Rathdowne Place said the Department of Health and Human Services had confirmed the GP was considered infectious when he met with two residents for a short period of time last Wednesday.
The granddaughter of a woman who lives in the home, who wants to remain anonymous, received an email notifying her of the doctor’s positive diagnosis on Sunday.
She said she was worried about her grandmother, who she fears she may never be able to see in person again.
“It’s just that awful feeling that if she’s locked in and safe is one thing, but locked in with COVID-19, even without COVID and locked in for six months, will I ever get to see her again at 98?” the woman said.
Four nursing home residents have died with coronavirus in Sydney after an outbreak at the Dorothy Henderson Lodge in Macquarie Park.
Ms Pititto said the news at Assisi was “a real worry”.
“I knew there was a strong possibility of staff being infected with the virus as no one knows what happens when they leave their work place. Yet we are not allowed to visit our family member for safety reasons,” she said.
“I am certain that staff are overwhelmed at the moment with caring for all the residents and keeping the place extra clean. Family members used to go at meal times to feed their loved ones and see everyone else.
“It is hard to contain one’s sadness and terror of what is to come. Hopefully it won’t spread.”
Assisi families were told the infected staff member worked in St Claire last Wednesday.

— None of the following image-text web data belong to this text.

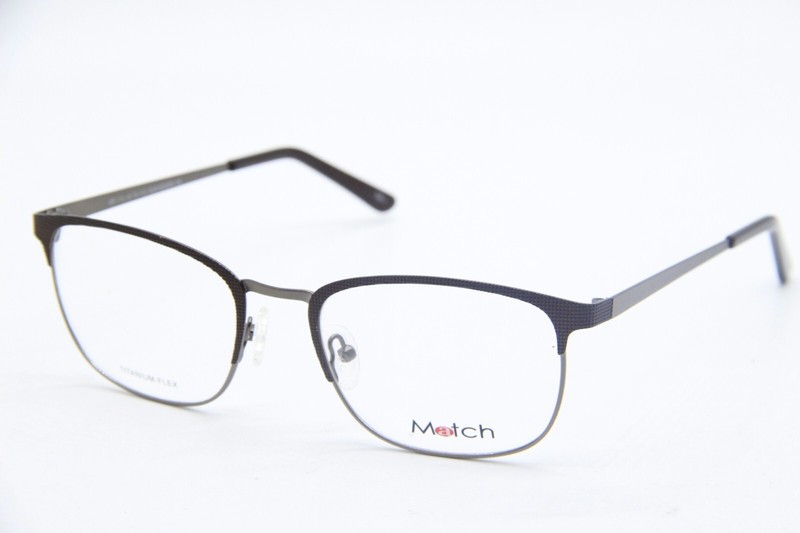 NEW MATCH FLEX MF-172 GUN/MDBRN GUNMETAL BROWN AUTHENTIC EYEGLASSES 53-19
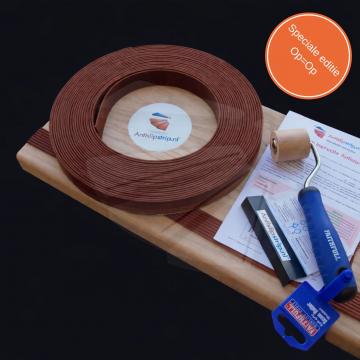 Startpakket antisliptape Robuust Mahonie Bruin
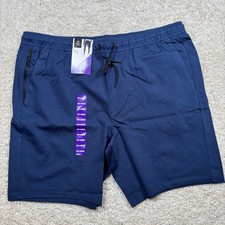 Members Mark Luxe Short Mens XXL Navy Blue 9 Inch Inseam Zipper Pocket NWT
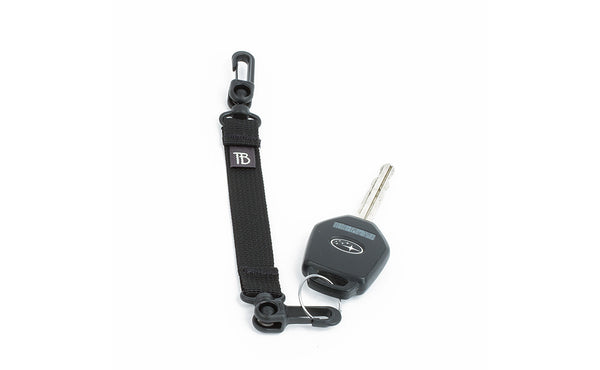 An 8-inch Black Key Strap with a snaphook at either end.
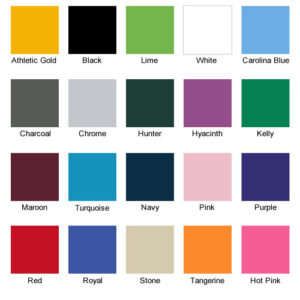 Tote Bag Color Chart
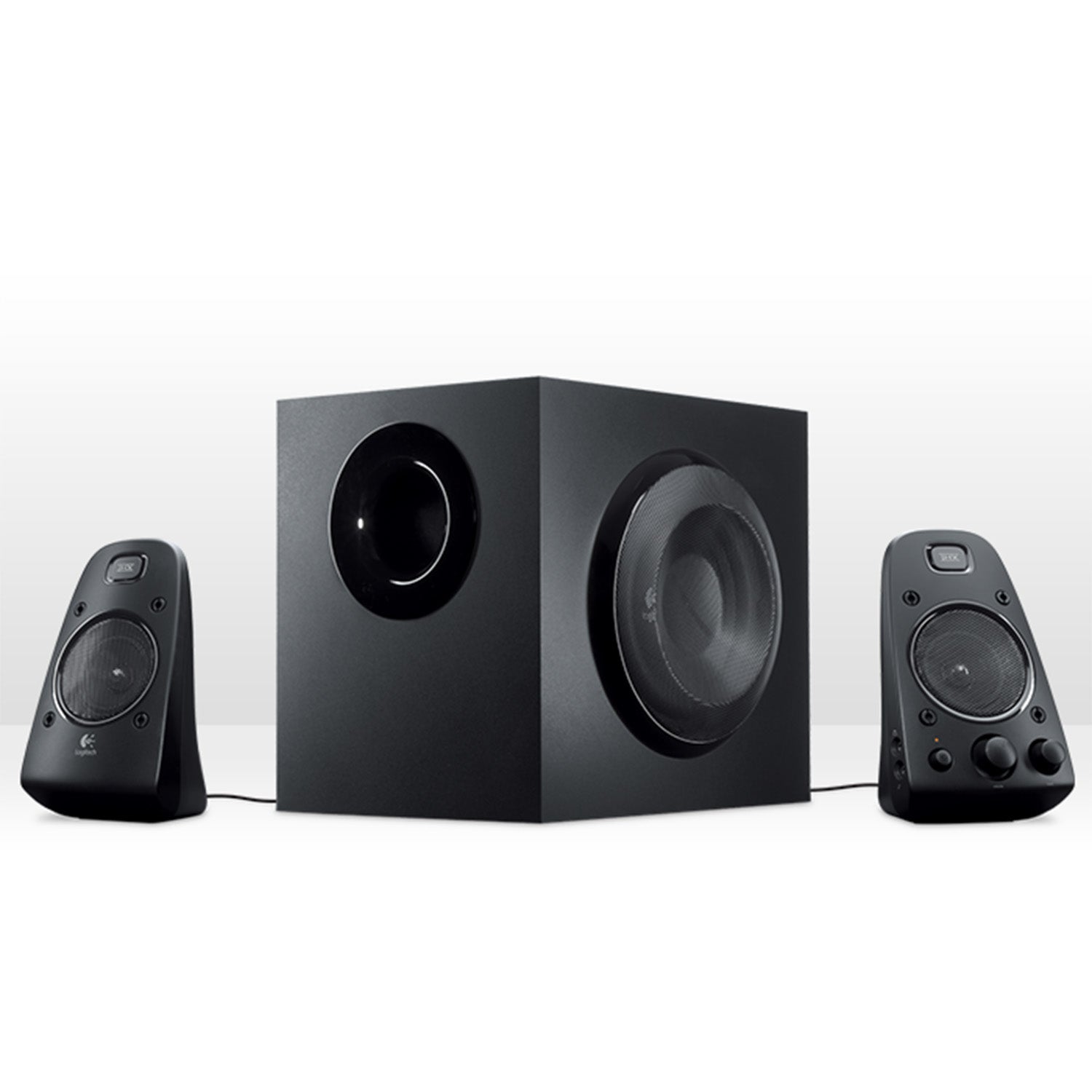 Logitech Z623 – PC-Lautsprecher-Set 2.1 mit Subwoofer, Schwarz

The health department did not consider the case to be a risk to residents because the staff member became unwell two days after her last shift, the chief executive’s letter said. Cleaning and screening had increased and no resident had test positive, he said.
“We continue to monitor the situation closely checking resident temperatures regularly during the day.”
Families from Rathdowne Place received an email from Krishan Sivagnanam, the general manager of Australian Unity, which runs the Carlton facility, saying they had been advised residents and employees didn’t require testing due to lack of close contact.
One employee who had been in close contact with the GP is now self isolating.
‘It is hard to contain one’s sadness and terror of what is to come. Hopefully it won’t spread.’
Josephine Pititto, the daughter of an Assisi Centre resident
The nursing home would monitor the temperatures of residents and employees as a precaution, the email said. Extra cleaning would also be carried out.
Victorians without symptoms can’t currently be tested for COVID-19.
“This situation understandably makes many of us anxious about how the virus may impact us, our families and friends,” the email said.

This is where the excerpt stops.